Collected material Start Marker
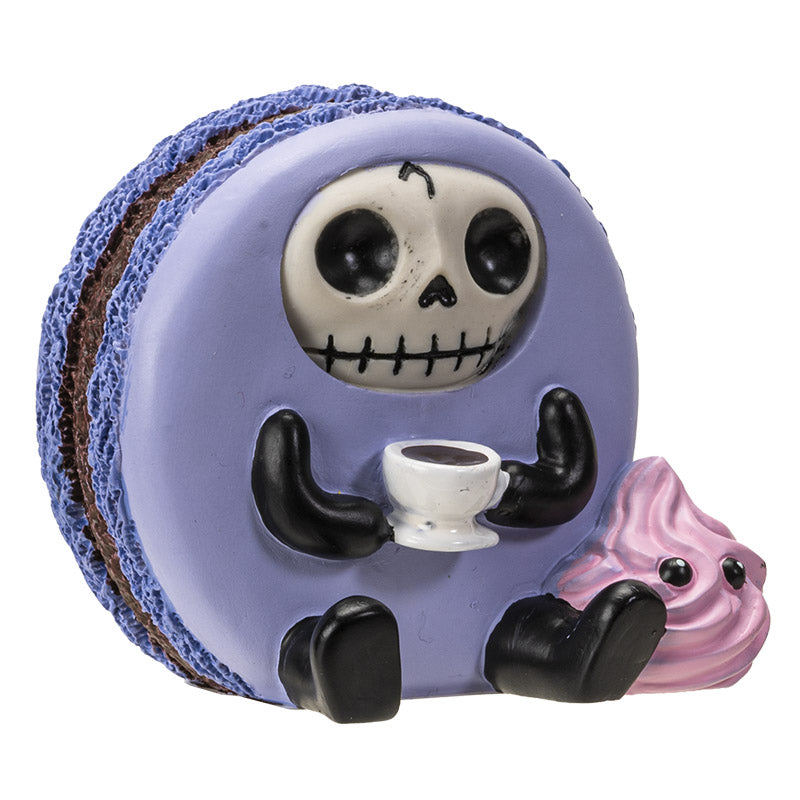 FURRYBONES-RONNY C/60 MINIMUM OF 4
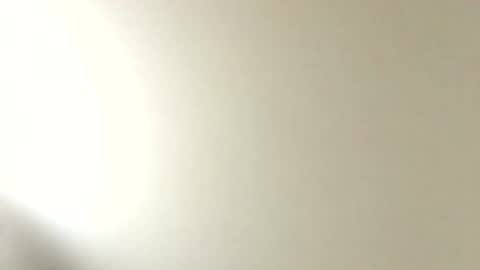 Snapshot of ryucravenmore chatting on 10-03-25, 05:43 ryucravenmore online show from 10-03-25, 05:43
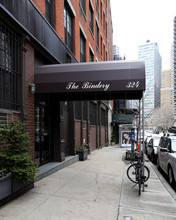 The Bindery in New York, NY - Building Photo - Building Photo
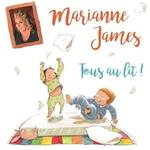 Tous Au Lit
Collected material End Marker
— Description of the task —
Return the listing above word for word, with the pictures removed.

— Task result —
 FURRYBONES-RONNY C/60 MINIMUM OF 4
 Snapshot of ryucravenmore chatting on 10-03-25, 05:43 ryucravenmore online show from 10-03-25, 05:43
 The Bindery in New York, NY - Building Photo - Building Photo
 Tous Au Lit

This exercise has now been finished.